Aquel primero de abril, tras enterarme de su partida, me encontré por primera vez con la certeza de que la muerte es algo real, tangible, que está cerca y que le puede tocar a cualquiera. Porque sólo cuando el virus te quita a alguien querido llegás a dimensionar la magnitud trágica de la pandemia.

El duelo por la partida física del Negro se bifurcó entre los recuerdos de las coberturas compartidas, buscar fotos, revisar su importante obra periodística y volver a leer sus mensajes de WhatsApp. Y no es por regodearse en el dolor, sino porque los duelos tienen que ser tristes y así hay que transitarlos.
 
Son las 6 de la mañana, o quizás las 7, del viernes 28 de mayo. Pienso en Adrián y en su muerte injusta mientras me sostengo en el lavatorio del baño, vencido por el cansancio y un dolor de cabeza que me mortificó buena parte del día anterior. Mi cuerpo está experimentando algunos de los síntomas que puede presentar la vacuna contra el coronavirus, cuyo primer componente recibí hace unas horas gracias a una política sanitaria que, con criterio epidemiológico, fijó en 37 el piso de Índice de Masa Corporal que se necesita para recibir la vacuna. Yo, con mis 38, entré casi por la ventana. Ya se habían vacunado mi abuela, mi suegro, mi pareja y mi mamá, todos pacientes con factor de riesgo.
 
Jueves 27. Me paro último en la fila a las 7 de la mañana, con mucho frío y una felicidad que no me cabe en el pecho. El tipo de adelante, petiso y robusto, le da sorbos cortos y pausados a un mate que apretaba contra su pecho. “No traje otro mate porque me acordé que a vos no te gusta tomar mate”, le dice al que lo acompaña. Es que la pandemia complicó hasta los rituales que ya teníamos naturalizados. “Debe ser un embole cargar con dos mates”, pienso en voz baja y me siento afortunado, ya que a mí tampoco me gusta el mate.

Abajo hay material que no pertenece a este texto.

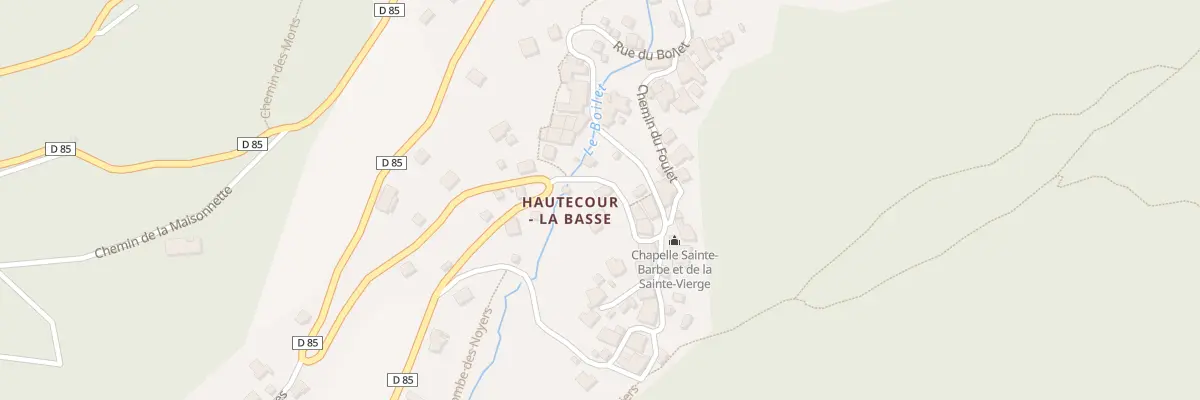 Plan du 46 Rue du Boilet à Hautecour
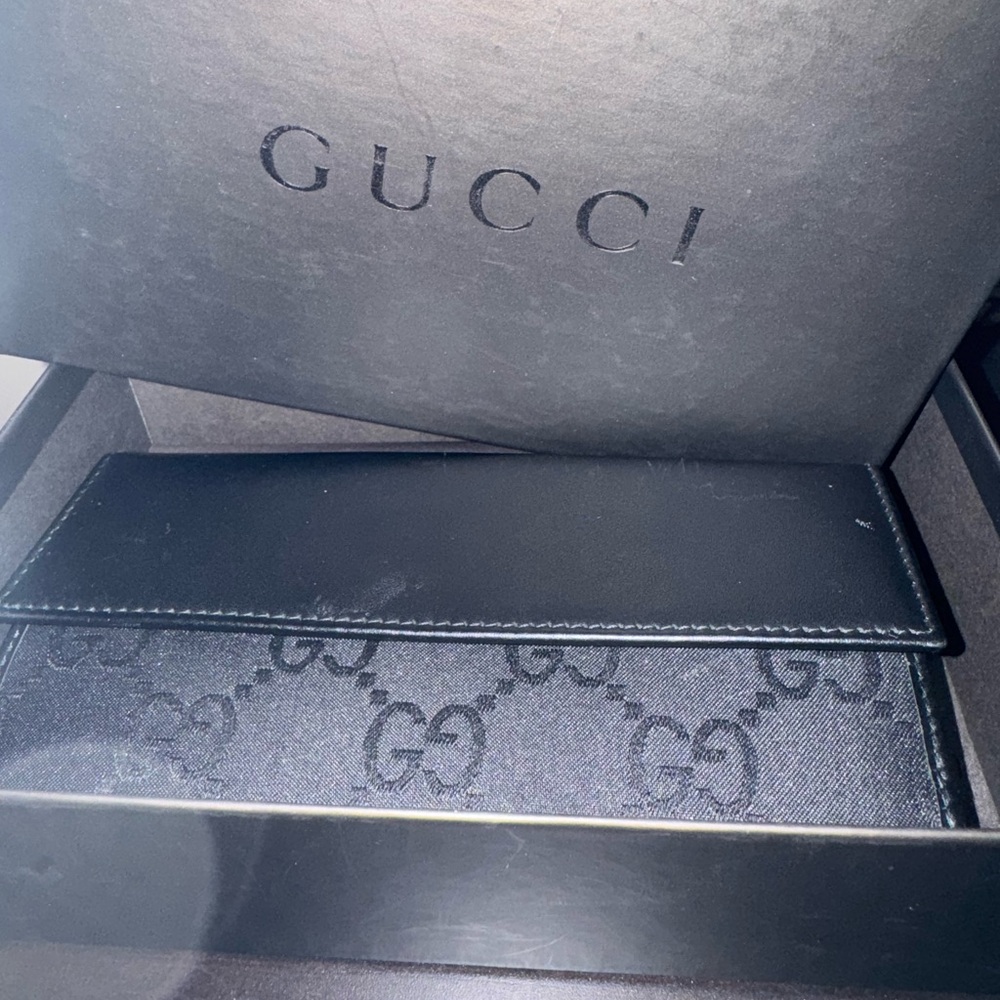 Gucci GG Black Long Wallet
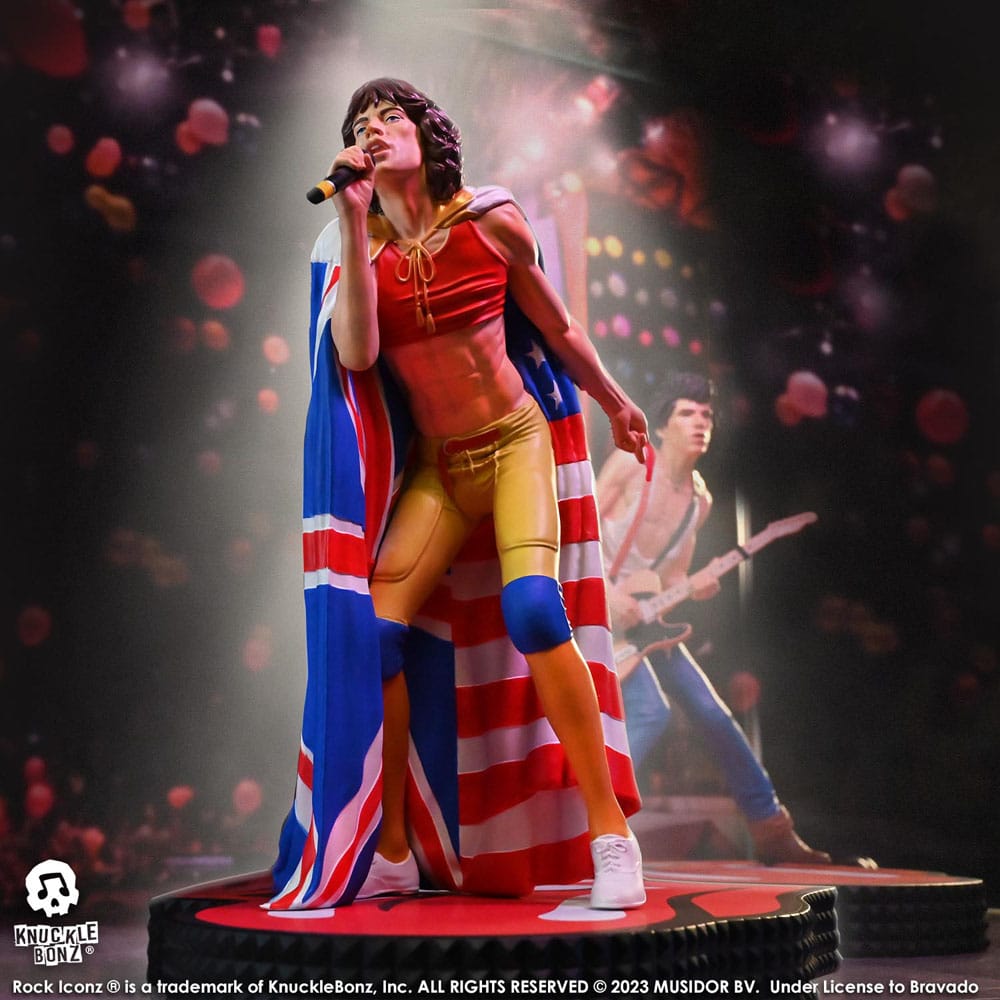 Die Rolling Stones Rock Iconz Statue Mick Jagger (Tattoo You Tour 1981) 22 cm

Autovac del SIprosa. Foto: Franco Olea. 

A diferencia de lo que se pueda pensar, el plan de vacunación que los gobiernos provinciales llevan adelante desde diciembre tiene muy buena aceptación en la ciudadanía. Con frío, lluvia o a 300 metros de la puerta de entrada al nodo de vacunación, la gente está contenta.

Afortunadamente, algo se rompió. A pesar de los esfuerzos titánicos de ciertos grupos de poder que el año pasado intentaron instalar la idea de que las vacunas no eran seguras, las políticas sanitarias torcieron el rumbo de un mensaje mediático que, bajo el manto de una supuesta verdad reveladora, escondía un fuerte componente desestabilizador que sólo buscaba debilitar las instituciones del Estado. Los turnos agotados y los nodos de vacunación desbordando de gente que espera ansiosa la vacuna son una muestra del fracaso de la campaña de desinformación.

Autovac del Siprosa. Foto: Franco Olea. 

El proceso de vacunación no tiene fisuras. La organización es prolija y el trato del personal sanitario es digno de aplausos. Mientras espero la vacuna, sentado en un gazebo y con el brazo izquierdo al descubierto, no dejo de pensar cómo pueden los enfermeros mostrase tan frescos, sonrientes y de buen humor trabajando de lunes a domingos, cumpliendo jornadas que superan las diez horas. Pienso en el momento en que dejamos de salir a los balcones para aplaudirlos. Y pienso en la necesidad de tomar su ejemplo de solidaridad y levantarlo como bandera, porque, a fin de cuentas, nadie se salva solo.

“Relaje el brazo, por favor. Ya está”.  Pinchazo y adentro. Mientras haya vacunas, habrá esperanzas.